Data Extraction | Data Recovery

Extraction Methodology

Below is a step-by-step account of our source material and the methods deployed to enhance the data extraction process from the pages.

1– Understanding the Page Layout

The page images for this project came from the New York Public Library archive, dated between 1849 and 1922. These images were digitized into TIFF files and shared with us for the sake of text extraction. The pages are structured similarly across the years: columns of printed entry data, with each entry made up of four primary elements: name, occupation, business address, and (inconsistently) home address. Early directories (the first 41) divide the pages into two columns; later directories include three, four, and five columns of entries per page. Later directories also intersperse advertisements throughout the pages, both within and bordering the columns. Take note of the indented lines in the sample page to the right – these indentations indicate a continuation of the entry directly preceding, and were our primary point of intervention for improving the extraction.

2– Isolating the Columns

We deployed a Canny edge detector to identify the edges contained within the page image, followed by the Hough transformation to find the straight lines separating the columns. We then used OCR to identify the outer margins of the page image, so that the image could be cropped, resulting in a page image that only contained the text of the entries we were interested in capturing. Using the lines identified via the Hough transform, we were able to crop out each column, allowing for isolated analyses with reduced noise.

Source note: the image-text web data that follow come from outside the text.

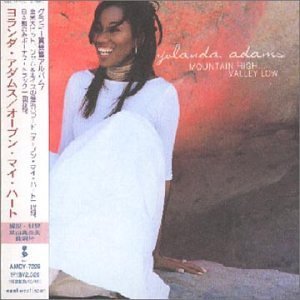 Cover for Yolanda Adams · Yolanda Adams-mountain High Valley Low (CD) (1999)
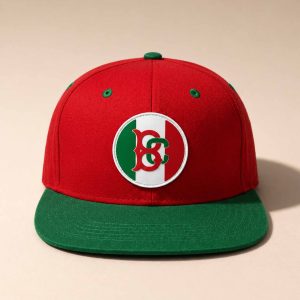 2026 Brooklyn Cyclones Mexican Heritage Hat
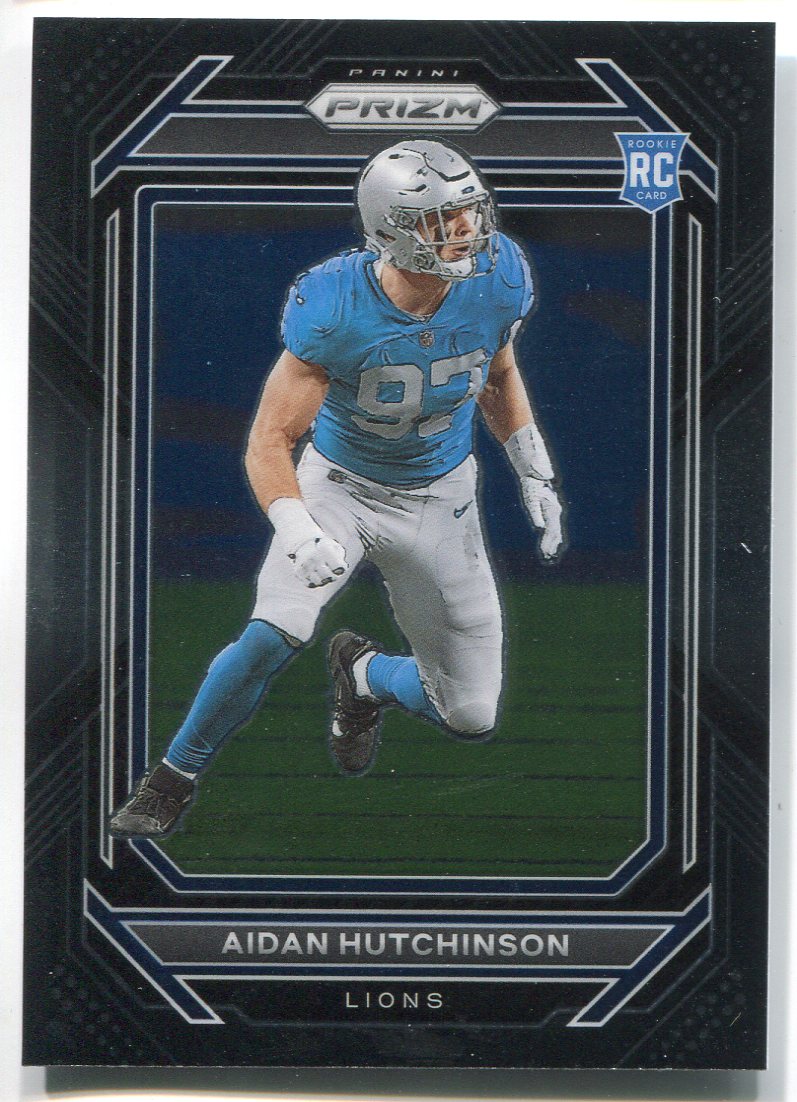 2022 Panini Chronicles Football Prizm Black San Francisco -   Hong Kong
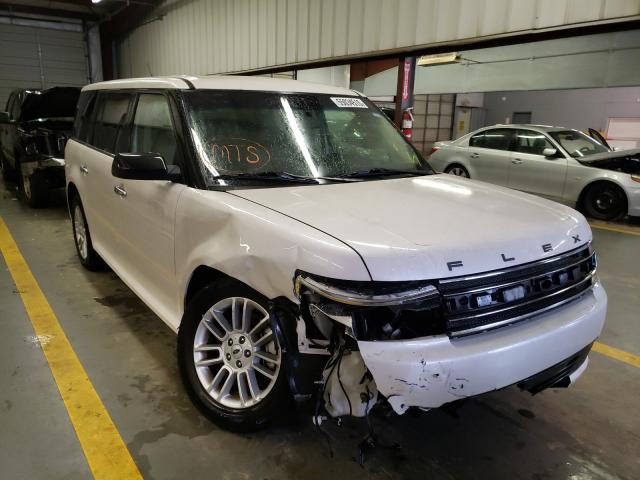 FORD FLEX SEL 2019 2fmgk5c81kba32234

Running OCR over the cropped column allowed us to capture the pixel placement of each line – via the resulting bounding boxes that formed over the text – and, more importantly, capture which lines were indented in the column (an indent indicates that the line is a continuation of the entry directly preceding). Organizing the resulting textual output into a dataframe, we then group the data by line, and affix text that has been identified as “indented” to the text of the previous line.

We used Regular Expression to deploy a simple tagging methodology based on the syntax of each entry: words beginning with capital letters were tagged as “names”; the word immediately after the names was tagged “occupation”. The remaining text was tagged as “work address,” unless there was an “h.” present, which was always followed by “home address”.

3– Extracting & Tagging the Data

4- Scaling Up

The final step – which gave us trouble - is scaling up this process across all of the directories. Our attempt at scaling up the methodology across the 41 two-column directories yielded less optimistic results than when deployed over a single page.. The process resulted in slightly over 125,000 entries extracted; though we were excited to see that we had succeeded in deployment, this number was much lower than expected. Investigation into the output revealed that several pages were skipped over entirely, including 5 entire directories. However, the entries that were extracted were tagged consistently and accurately using our new tagging methodology.